Deposition of Dalradian sediments in a stretching ensialic basin peripheral to Iapetus continued into Cambrian times. Late in the history of Dalradian deposition a southern continental landmass was removed by strike-slip motions and a subduction zone then developed beneath the Dalradian sediments. Deformation and moderately high pressure metamorphism of Dalradian rocks occurred and was followed by thermal relaxation and development of a volcanic arc with magmatic centres in Connemara by Tremadoc times and in NE Scotland by the Arenig. The S Mayo Trough was a back-arc basin that opened shortly after the initiation of the arc, the oldest volcanic rocks seen there being the extrusive equivalents of the basic intrusions of Connemara.

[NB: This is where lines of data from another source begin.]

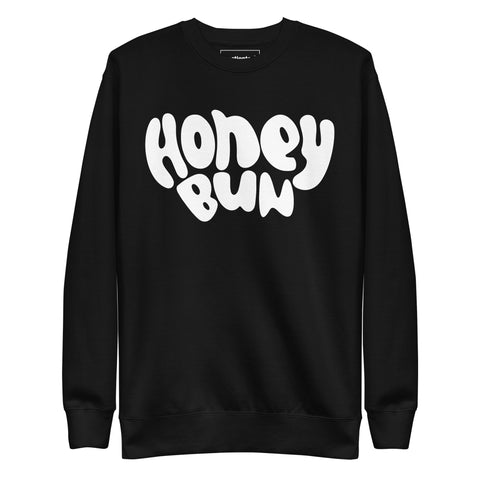 sectiontoo "Honey Bun" Unisex Premium Sweatshirt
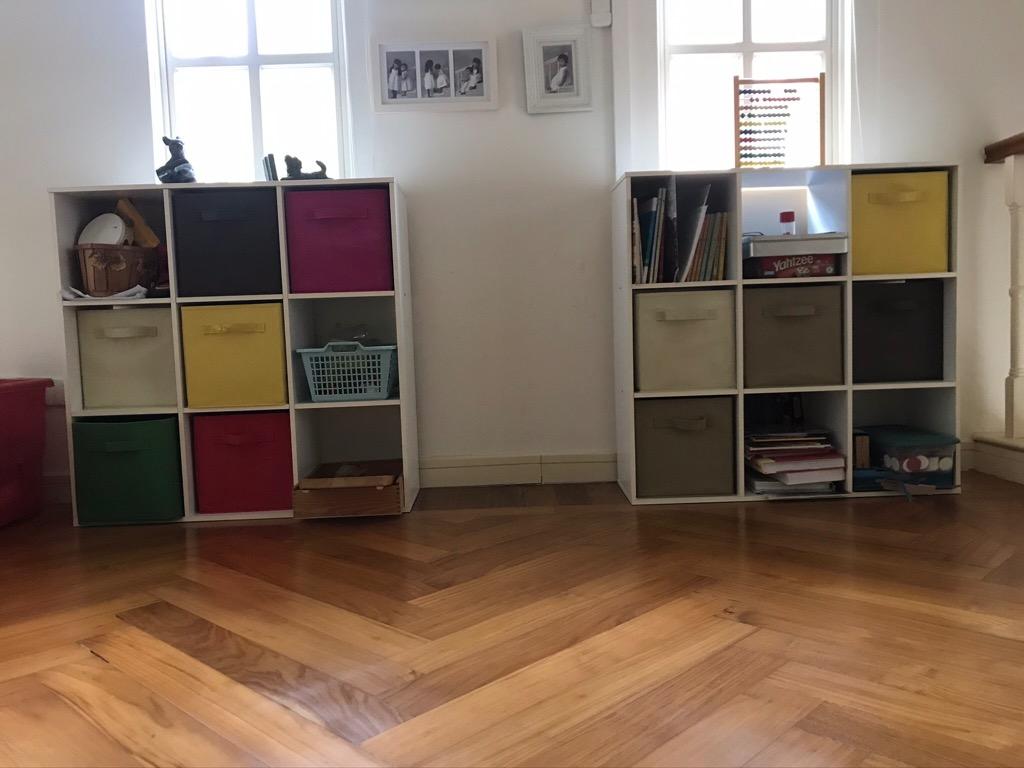 Bookshelves Storage Bins For Kids Playroom Or Bedroom Furniture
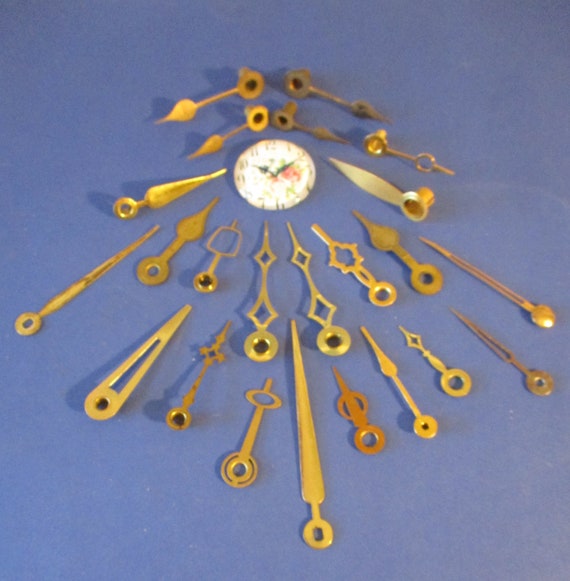 Antique Clock Hands Sallys Clock Hands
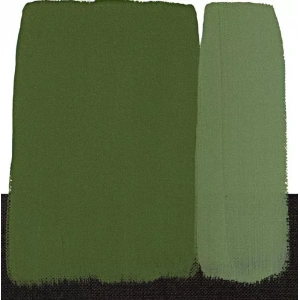 Maimeri Polycolor Akrilik Boya 140ml Chrome Oxide Green 336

Dalradian rocks outcropping in Ordovician times over the Highlands and probably extending southwards are a possible source for high pressure metamorphic clasts at Ballantrae, while clasts of arc volcanics may have come from N of the Highland Boundary Fault. Plate models that involve a separate arc in the Midland Valley are rejected because the tectonic elements are impossibly small by comparison with modern convergent plate margins. The arc rooted in Dalradian rocks ceased to be active at the end of the Llanvirn as a result of a further change in plate motions, and there are considerable spatial problems in locating an arc coupled to the Southern Uplands accretionary prism after Llanvirn times.